Si, por un lado, el incendio funciona en un plano metafórico a lo largo de toda la novela en distintos planos -el individual y el colectivo, el político y el moral- y puede, incluso, leerse, siempre en clave figurada, como el detonante que lleva a Diego a abandonar México, «donde el espanto era la principal sensación de pertenencia», para «vivir en un sitio donde no le diera miedo que se le acercara un individuo», por el otro, la relación entre escritura y realidad constituye otros de los ejes centrales de la novela. Villoro indaga en los distintos niveles de la narrativa a través de Diego, un documentalista admirador de Juan Carlos Rulfo, Luciana Kaplan y Everando González, que habla mientras duerme. Su narrativa nocturna, diligentemente registrada por Mónica, que es sonidista y que opta por no contarle a su marido lo que revela estando dormido, tiene algo de confesión involuntaria: dormido, revela fragmentariamente la causa de esa culpa que le persigue y que pretende mantener oculta. La narrativa onírica escapa del control, como, sin embargo, también escapa la «narrativa diurna», aquella relacionada con su trabajo como documentalista. Y escapa porque ningún relato depende únicamente de quien lo construye: de la misma manera que en el proceso de producción y realización de un documental son muchas las exigencias que intervienen -el productor catalán que invita a Diego a Barcelona le confiesa que no sabe de dónde viene el dinero que, en parte, ayuda a financiar sus películas-, el documentalista no puede controlar los relatos de sus testimonios ni tampoco las consecuencias que dichos testimonios pueden tener.

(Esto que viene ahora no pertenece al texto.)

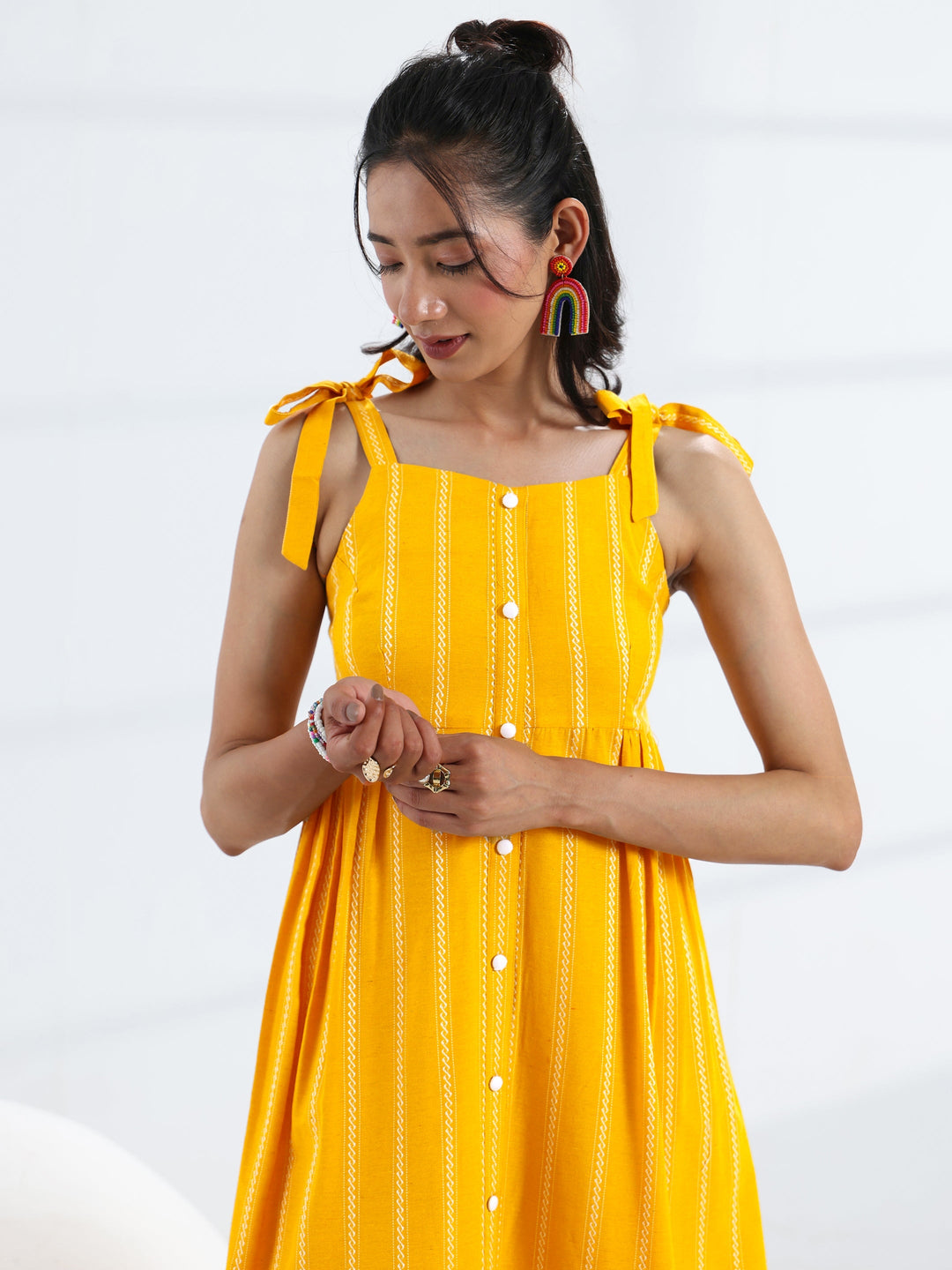  Yellow Striped Woven Design Cotton Blend A-Line One Piece Dress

La realidad se escapa, como se le escapa a su padre, un notario que solamente valida transacciones, acuerdos y voluntades sin atender a su trasfondo, muchas veces ilícito. 

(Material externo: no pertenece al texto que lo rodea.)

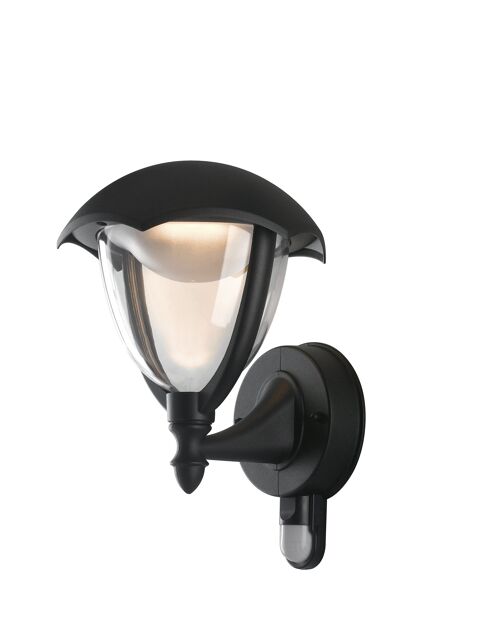 Applique lanterna LED Megan per esterni in alluminio nero goffrato e diffusore in policarbonato con sensore di movimento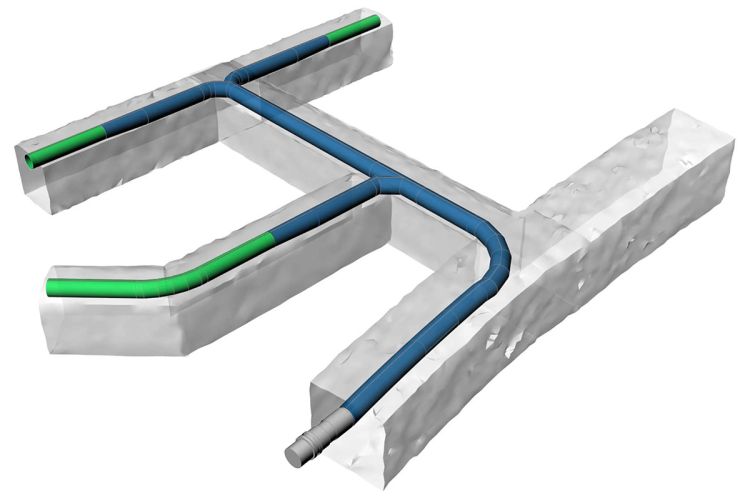 Diagram showing Mega-Dukt™ usage in an underground mine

«¿Había forma de ser testigo del horror sin compartirlo?», se pregunta Diego, en cuyos primeros documentales se adentra en el mundo del narcotráfico. La pregunta de Diego es la pregunta que se realiza la propia novela: ¿Cuál es la responsabilidad del testigo, del documentalista, del que testimonia cuánto acontece? ¿Hasta qué punto se es responsable de las consecuencias del relato? ¿Es válido buscar la verdad de los hechos independientemente de los efectos que dicha verdad pueda tener al ser revelada? Todas estas cuestiones convierten a La tierra de la gran promesa en una novela que se interroga a sí misma sobre su función y sobre la función del escritor. Cuestionando los límites de los distintos niveles narrativos, Villoro reflexiona sobre la responsabilidad y la culpa de quien cuenta, una responsabilidad y una culpa inherentes al propio acto de escribir, que escapa siempre de todo control, pues, como sostenía Luis Buñuel, cineasta admirado por el protagonista, toda película tiene algo de onírico, lo inconsciente permea siempre el acto creativo.